Survival Cuban Style, Through an Informal Rental Library


The man entered the small El Condor bookstore whose shop window faces the wall that borders the University of Zurich. "I am looking for books by Corin Tellado," he whispered softly, and I jumped in front of the computer where you typed in the latest titles coming from Buenos Aires, Madrid or Mexico City. I detected a Havana accent in his voice, perhaps because he had spent little time in contact with the Swiss-German dialect which would eventually give another cadence to his words. He said he was from the La Vibora neighborhood and that he needed - desperately - some Spanish magazines similar to Hello.

Maria Mariotti, the local owner, approached him to explain that she didn't have anything, but it could be ordered from the distributor. "What titles do you want," asked the small half-Peruvian half-Japanese woman. "Anything you can get. They're for my mother who lives for them," he said, trying to justify his persistent interest in romantic novels. He said that not having remittances to send to Cuba, every month he tried to send his family some publications that they could rent to others. Their start-up business consisted of renting magazines like Vanities, or People, for five Cuban pesos, to a large community of readers who were eager to have the latest issues. The clients could keep the magazines for a week, and then they passed from hand to hand until they fell apart and had to be taken out of circulation.
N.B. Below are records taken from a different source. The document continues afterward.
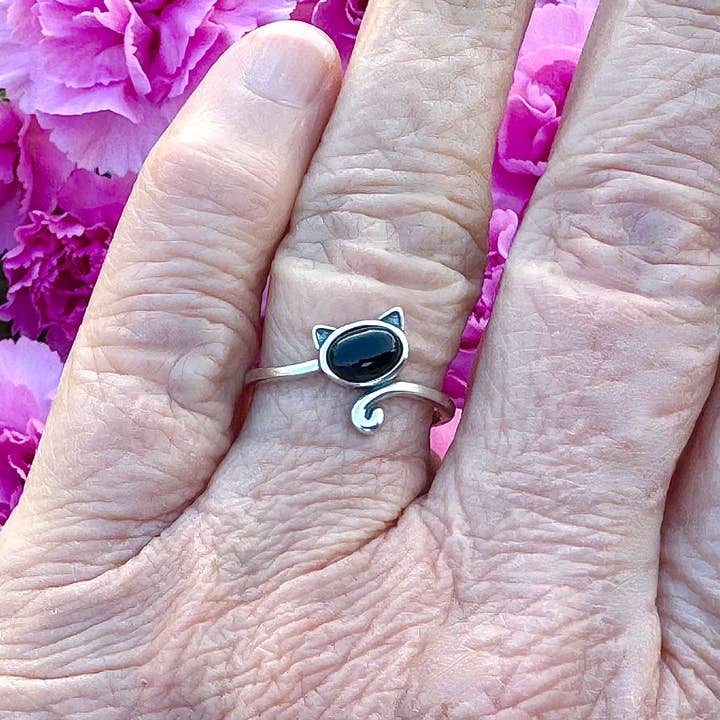 Moonrise Jewelry - Wholesale Cocktail/Statement Ring - R-106 Cat with Black Agate Ring5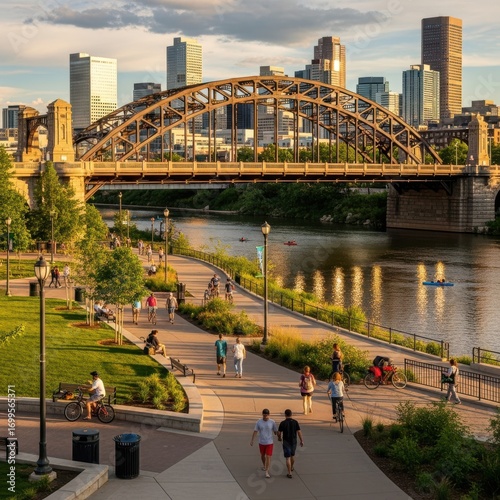 Scenic urban landscape with a bridge and cityscape in the golden hour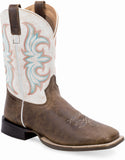 Old West Olive Blister Foot Wipe Out White Shaft Men's Broad Square Toe Boots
A few days after that particular order, my friend left for the 2003 Barcelona Bookfair, where she offered a tribute to Maria del Socorro Tellado Lopez. She managed to approach her and tell her of the family on the other side of the Atlantic who survived each month thanks to her pen. The author of Painful Deception (1990) was impressed with the story and donated a selection of fifty of her titles, accompanied by a handwritten letter for the lady in La Vibora. That gift caused a burst of thanks in the Swiss bookstore, especially from the son of the alternative librarian. Well he knew what it meant to be able to add these new volumes to the maternal collection. Their pages would provide a deteriorating Havana house with more soap, some oil, a bit of bread, shoes for the children, along with dreams for dozens of neighbors.